Gerspach's caution was similar to that of JPMorgan Chase & Co. when it
reported Friday that it earned $3.28 billion during the fourth quarter
thanks to its strong investment banking unit. JPMorgan said it set aside
$7.28 billion for failed loans during the quarter, nearly identical to the
amount it reserved for bad loans during the final quarter in 2008. It also
warned that it didn't know when it would be able to stop adding to its loan
reserves.

Gregg Smith, a senior managing director at restructuring firm Conway
MacKenzie, said Citigroup's results show the lending business is
stabilizing. But he also noted it will be a long time before banks like
Citigroup are strong enough to lend at historical norms. Many economists and
investors are concerned that this trend could slow the economic recovery.

"They're just crawling out of the ditch now," Smith said of banks.

2009 was a year of drastic change at Citigroup, and it may turn out to have
the poorest fourth-quarter showing among the big banks because it lacks the
big investment bank and trading operations that have helped other companies
like JPMorgan Chase offset their losses from bad loans.

The bank's loss after accounting for payment of preferred dividends came to
almost $7.77 billion, or 33 cents per share. That compared with a loss of
$18.16 billion, or $3.40 a share, a year earlier. In the third quarter of
2009, it lost $3.24 billion after paying dividends. The latest results were
in line with analysts' expectations, according to Thomson Reuters.

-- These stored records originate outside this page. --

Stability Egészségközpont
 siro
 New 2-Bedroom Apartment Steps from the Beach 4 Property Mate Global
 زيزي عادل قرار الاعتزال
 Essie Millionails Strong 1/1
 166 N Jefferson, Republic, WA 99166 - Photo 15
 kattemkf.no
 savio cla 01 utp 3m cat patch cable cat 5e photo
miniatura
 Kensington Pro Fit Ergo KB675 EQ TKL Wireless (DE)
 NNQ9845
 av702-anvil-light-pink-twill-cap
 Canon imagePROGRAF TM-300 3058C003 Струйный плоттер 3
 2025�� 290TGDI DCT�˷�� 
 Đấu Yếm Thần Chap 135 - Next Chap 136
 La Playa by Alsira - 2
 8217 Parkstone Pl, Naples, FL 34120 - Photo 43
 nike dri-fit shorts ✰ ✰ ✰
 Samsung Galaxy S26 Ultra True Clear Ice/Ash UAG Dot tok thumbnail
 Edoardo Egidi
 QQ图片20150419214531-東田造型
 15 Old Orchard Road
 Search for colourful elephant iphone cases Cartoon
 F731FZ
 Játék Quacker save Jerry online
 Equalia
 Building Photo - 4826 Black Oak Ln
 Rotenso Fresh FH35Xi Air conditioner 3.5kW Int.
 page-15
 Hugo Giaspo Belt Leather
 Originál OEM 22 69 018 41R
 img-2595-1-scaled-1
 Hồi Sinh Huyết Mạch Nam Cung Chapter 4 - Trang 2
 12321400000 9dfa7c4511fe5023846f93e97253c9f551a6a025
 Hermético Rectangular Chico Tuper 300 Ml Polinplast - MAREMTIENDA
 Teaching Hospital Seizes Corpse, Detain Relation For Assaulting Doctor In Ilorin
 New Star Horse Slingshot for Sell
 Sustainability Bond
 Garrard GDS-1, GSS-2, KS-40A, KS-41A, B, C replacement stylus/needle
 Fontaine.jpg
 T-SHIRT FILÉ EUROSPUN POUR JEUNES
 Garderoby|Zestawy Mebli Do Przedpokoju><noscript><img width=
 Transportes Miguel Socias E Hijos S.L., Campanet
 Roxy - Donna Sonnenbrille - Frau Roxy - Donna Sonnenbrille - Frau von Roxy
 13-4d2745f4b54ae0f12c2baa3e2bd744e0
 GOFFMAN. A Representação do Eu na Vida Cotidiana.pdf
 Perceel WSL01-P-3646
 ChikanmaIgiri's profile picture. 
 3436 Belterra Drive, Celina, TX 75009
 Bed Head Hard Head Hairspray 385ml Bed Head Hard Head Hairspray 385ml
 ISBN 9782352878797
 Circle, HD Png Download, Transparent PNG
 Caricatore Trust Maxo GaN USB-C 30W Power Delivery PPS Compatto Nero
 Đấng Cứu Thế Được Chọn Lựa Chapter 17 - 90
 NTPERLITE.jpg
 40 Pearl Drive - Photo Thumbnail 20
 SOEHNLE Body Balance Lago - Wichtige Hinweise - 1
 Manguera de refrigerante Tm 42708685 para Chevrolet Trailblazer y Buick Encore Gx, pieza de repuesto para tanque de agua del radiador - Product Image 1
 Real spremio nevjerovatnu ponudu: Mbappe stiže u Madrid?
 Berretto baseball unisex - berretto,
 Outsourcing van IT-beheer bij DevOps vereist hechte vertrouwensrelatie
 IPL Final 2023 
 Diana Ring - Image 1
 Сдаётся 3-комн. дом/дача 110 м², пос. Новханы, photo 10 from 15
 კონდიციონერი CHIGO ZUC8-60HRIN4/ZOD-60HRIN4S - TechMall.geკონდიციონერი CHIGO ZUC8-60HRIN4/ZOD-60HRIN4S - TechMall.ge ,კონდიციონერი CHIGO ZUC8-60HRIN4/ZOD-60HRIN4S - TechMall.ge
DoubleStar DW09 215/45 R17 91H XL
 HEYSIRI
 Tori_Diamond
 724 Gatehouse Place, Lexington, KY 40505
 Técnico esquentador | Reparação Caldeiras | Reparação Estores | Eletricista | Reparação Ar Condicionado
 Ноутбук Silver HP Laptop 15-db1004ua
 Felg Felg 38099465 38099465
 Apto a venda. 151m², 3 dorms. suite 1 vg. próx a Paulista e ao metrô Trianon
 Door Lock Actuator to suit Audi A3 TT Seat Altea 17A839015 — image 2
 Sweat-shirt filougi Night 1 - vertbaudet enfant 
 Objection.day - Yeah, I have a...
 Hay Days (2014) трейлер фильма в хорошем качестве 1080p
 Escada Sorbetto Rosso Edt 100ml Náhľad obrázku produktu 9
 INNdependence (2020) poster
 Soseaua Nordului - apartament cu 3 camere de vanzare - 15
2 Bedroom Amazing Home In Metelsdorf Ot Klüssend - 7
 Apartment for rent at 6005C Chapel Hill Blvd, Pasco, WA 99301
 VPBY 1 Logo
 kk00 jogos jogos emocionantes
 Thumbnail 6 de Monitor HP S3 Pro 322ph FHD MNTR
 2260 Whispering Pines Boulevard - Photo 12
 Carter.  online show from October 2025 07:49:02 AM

"They're trying to keep up with firms in a much better position," Alois
Pirker, a research director at consultancy Aite Group, said of Citigroup.
"Because of that, (Citigroup is) in a higher risk position."

Pirker said the bank has done well in recent quarters to control costs. Now
its profitability will turn on how its loan portfolios perform this year, he
said.

By repaying the bailout money, Pirker said Citigroup is betting the economy
will recover this year because it is removing a safety net of government
support.

But paying the government back also frees Citigroup of restrictions on how
much it can pay its employees. Like other banks that received bailout money,
Citigroup had to win approval for its 2009 compensation from federal pay
czar Kenneth Feinberg.

The bank said previously it will issue $1.7 billion in additional stock as
part of a restructured compensation program; the stock is being issued
instead of cash payments employees would have received in the past.

Gerspach said average compensation per employee, which includes salary,
benefits and bonuses, in 2009 was about $90,000, about 1 percent lower than
in 2008. In total, Citigroup spent $25 billion on compensation costs in
2009, down 20 percent from the year before. The average compensation per
employee did not decline as fast because of the job cuts.

JPMorgan said Friday that its average compensation per employee rose to
$121,124 in 2009 from $101,110 a year earlier.

Citigroup did not disclose the size of the bonus pool or how big cash
bonuses would be for 2010. The company will no longer be under compensation
restrictions this year because it repaid the bailout money.

The bank, which received $45 billion in government bailout money, repaid $20
billion during the fourth quarter and raised an equal amount of capital to
fund the repayment.

Citigroup said it recorded an after-tax loss of $6.2 billion for expenses
related to the bailout repayment. The government has converted the remaining
$25 billion of the bailout money it gave Citigroup into a 34 percent stake
in the bank. The government is planning to sell its stake in the bank during
the next year.

Citigroup shed 100,000 jobs during the year and completed 14 asset sales,
including the Smith Barney brokerage and Japanese units Nikko Cordial
Securities and Nikko Asset Management.

The bank's stock rose 12 cents, or 3.5 percent, to $3.54 in afternoon
trading. The stock price is perhaps the clearest indication of how far
Citigroup fell during the banking crisis and recession; at the stock
market's peak in October 2007, it traded at $45 a share.

For the full year, Citigroup lost $1.61 billion, or 80 cents per share. It
lost $27.68 billion, or $5.61 per share in 2008.